Like all writers, I believe I have found the perfect notebook. For me, the crown jewel is The Rollbahn Spiral Mini Memo Notebook. The dark blue color is best, but allowances can be made—it’s smartly sized and beautifully designed. It has become, over the years I’ve carried one, one of my top two favorite extremities.
First, the size. The Rollbahn Spiral Mini (RSM) slips into every blazer or jacket pocket without fail. I travel without a bag all the time to work, and never leave home without the RSM in my pocket. (In the colder months, with a more structured coat, I’ve also been known to leave my laptop at home and just take this foldable bluetooth keyboard and my phone.)
Second, the notebookness. The RSM is spiral bound, which means it lays flat on the surface you’re writing on and creates a sheath for a pen. And not just any pen. Bar pens – the thin, twisty-top ones with the clip—slip perfectly into the RSM spiral.

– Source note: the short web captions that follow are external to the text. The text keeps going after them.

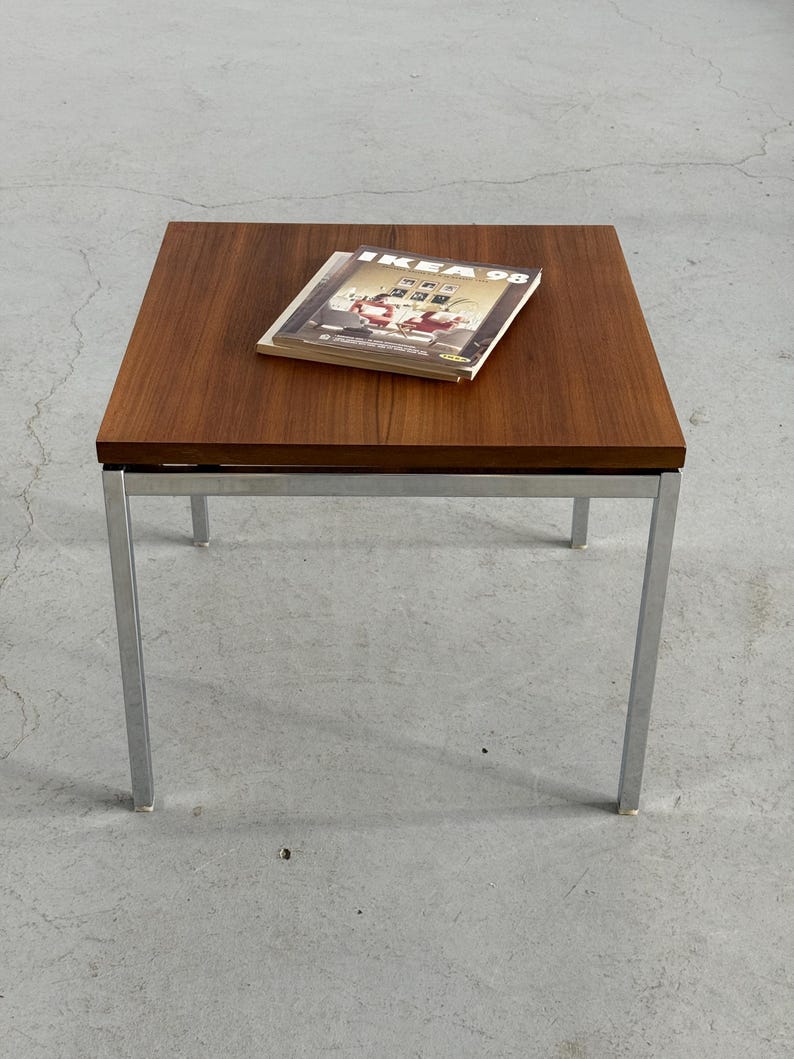 Op de afbeelding: Een vierkante salontafel in mid-century modern stijl met een donkerhouten blad en chromen poten. Op de tafel ligt een tijdschrift met de tekst "IKEA 98". De tafel is ongeveer 46 cm hoog en 76 cm breed.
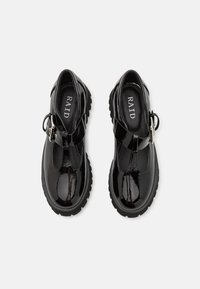 Sapatos de verniz pretos com um design de tiras em T, fivela ajustável e sola robusta. O interior apresenta o logótipo da marca. Textura suave.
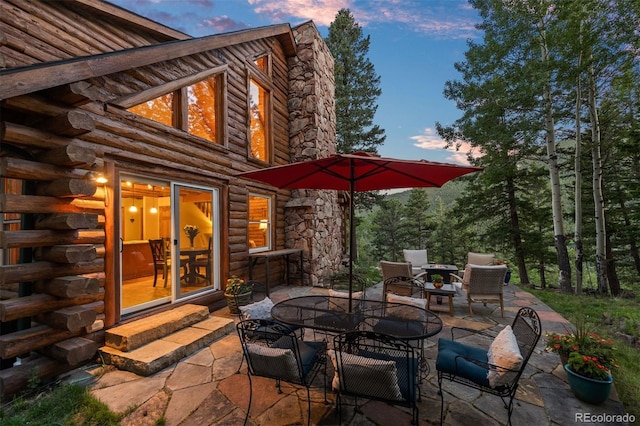 80 Spruce Ct, Evergreen, CO 80439 - view of patio / terrace with outdoor dining space and entry steps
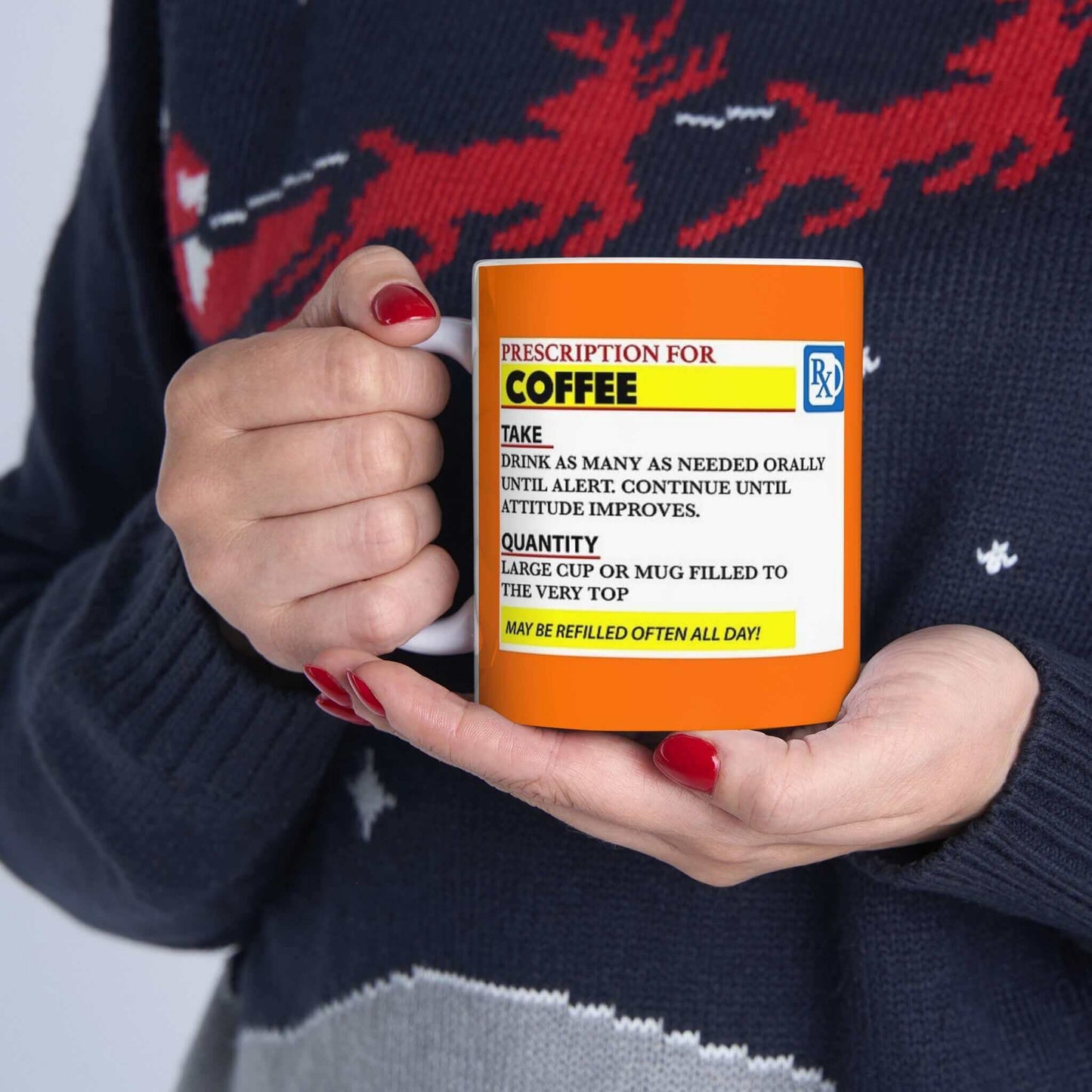 Person holding Prescription Coffee Mug in holiday sweater, featuring humorous prescription label design for coffee lovers.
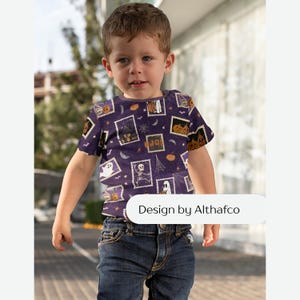 May include: A short-sleeved t-shirt in a deep purple hue featuring a repeating pattern of rectangular postage stamp-style graphics with Halloween motifs including ghosts, skeletons, pumpkins, and haunted houses. The text Design by Althafco is visible.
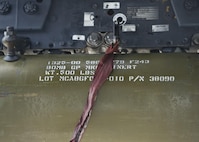 An inert bomb rests on the bomb rack of a B-52H Stratofortress at Dock 7 at Minot Air Force Base, N.D., July 22, 2016. The competition was comprised of four parts: dress and appearance, a loader’s knowledge test, toolbox inspection and the timed bomb load. (U.S. Air Force photo/Airman 1st Class J.T. Armstrong)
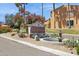 Community signage featuring desert landscaping and a decorative fountain at 16276 E Rosetta Dr # 58, Fountain Hills, AZ 85268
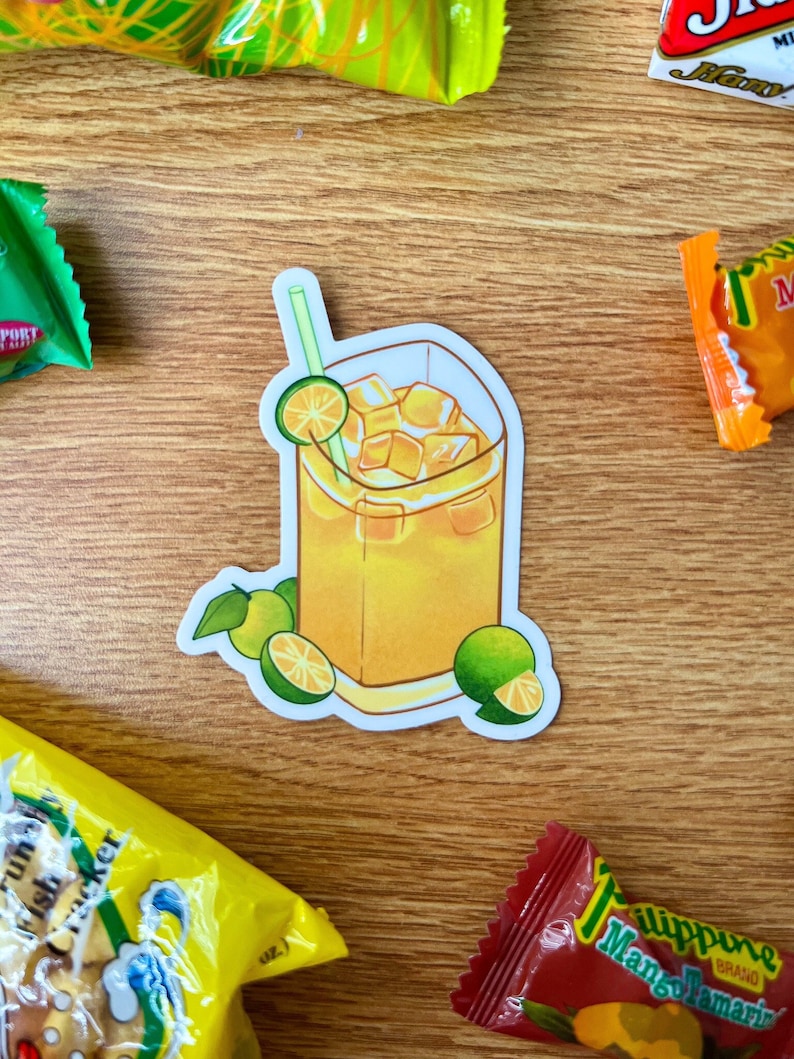 May include: A sticker of a glass of iced tea with a green straw and lime slices. The background is a wooden surface.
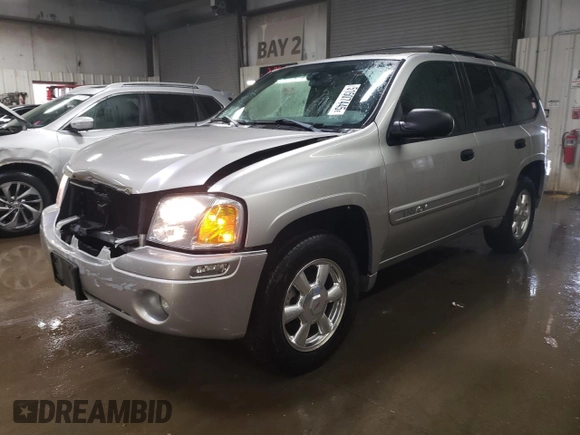 2004 GMC Envoy SLE with VIN 1GKDS13S742369547, listed as a Copart auction lot 51507445 with 119,824 mi miles and Salvage Title. Bid and sale history available at carsss.com. Image 1.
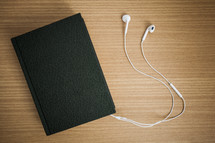 Bible and earbuds 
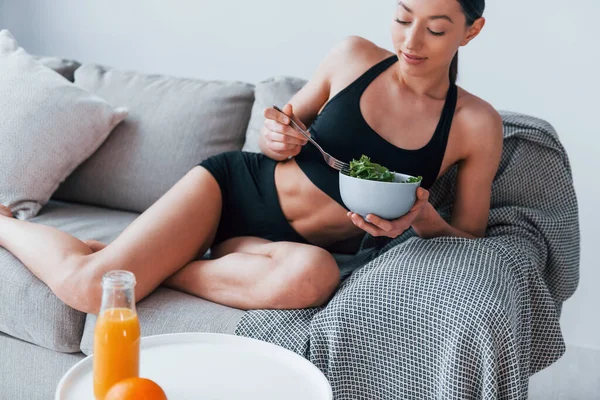 운동복 차림의 몸매의 여자는 소파에 집안에서 건강에 음식을 먹는다 — 스톡 사진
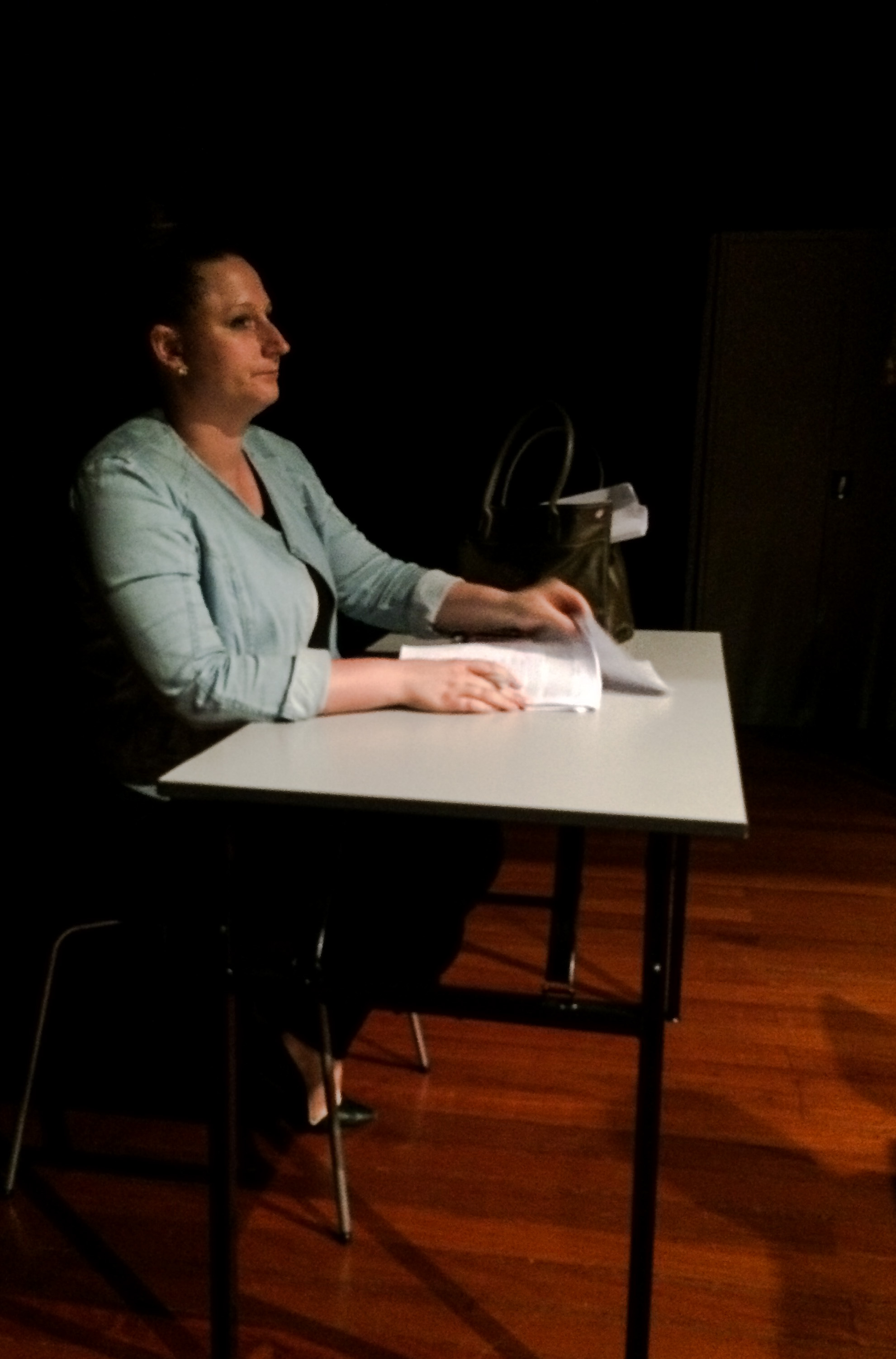 A female-presenting person in a long-sleeved light blue top seated at a table with a script in front of her.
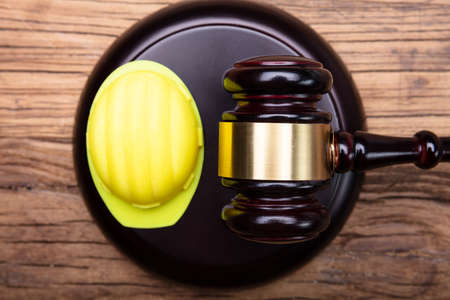 High Angle View Of Yellow Hard Hat And Gavel Arranged On Wooden Desk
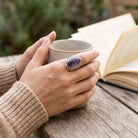 [KI] Amethystring aus Silber getragen beim Lesen mit einer Tasse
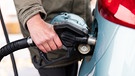 Eine Frauenhand befüllt ein Auto an einer Tankstelle mit Kraftstoff | Bild: BR/Leon Baatz
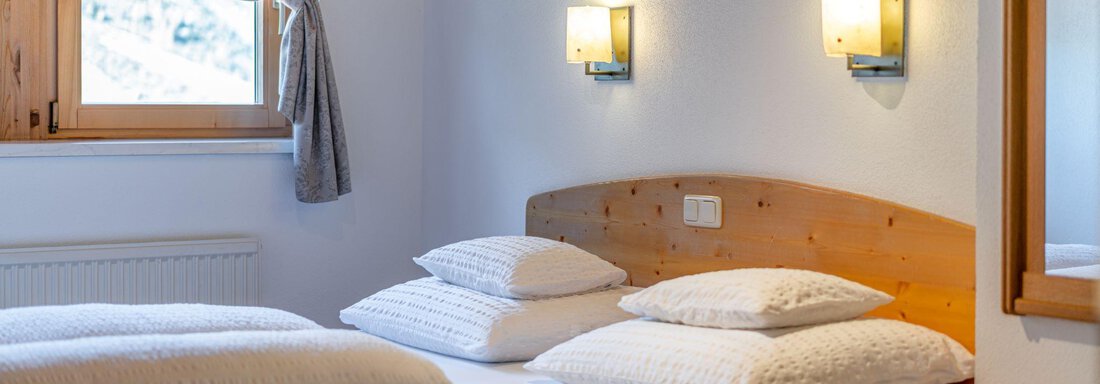 A cozy bedroom with a double bed and several pillows. The room has light-colored walls and a window with a beautiful view. - Schönblick Gurgl - Obergurgl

(A note on the above: Moleskine people do that thing where they close the book over the pen it’s bound in place by the elastic loop. This is not what the pen wants, not what the elastic is for, and a quick way to bend a notebook.)
The page and paper quality of these books is also unmatched. Unlike the larger formats of Rollbahn’s spiral bound series, like the popular A5 notebook size, the mini doesn’t have perforated lines to tear out the pages from the book evenly. While one may think that this makes the notebook less useful, consider this: how many times do you use ripped-out notebook paper for a document so precious that it needs a perfect edge? Also, how many times have you been writing close to the middle margin when the point of your pen or pencil has punctured that perforated line? Lastly, I always opt for the grid-lined notebook, as opposed to college ruled or blank, because I’m all about structure when I’m taking down notes.
The main issue with this size of Rollbahn is that they can be hard to find. Even your more posh stationary stores don’t have them sometimes. That’s why when I buy them, I usually take home about a dozen of them. Luckily, Archer Paper now sells them for a steal. I, for one, am stocking up.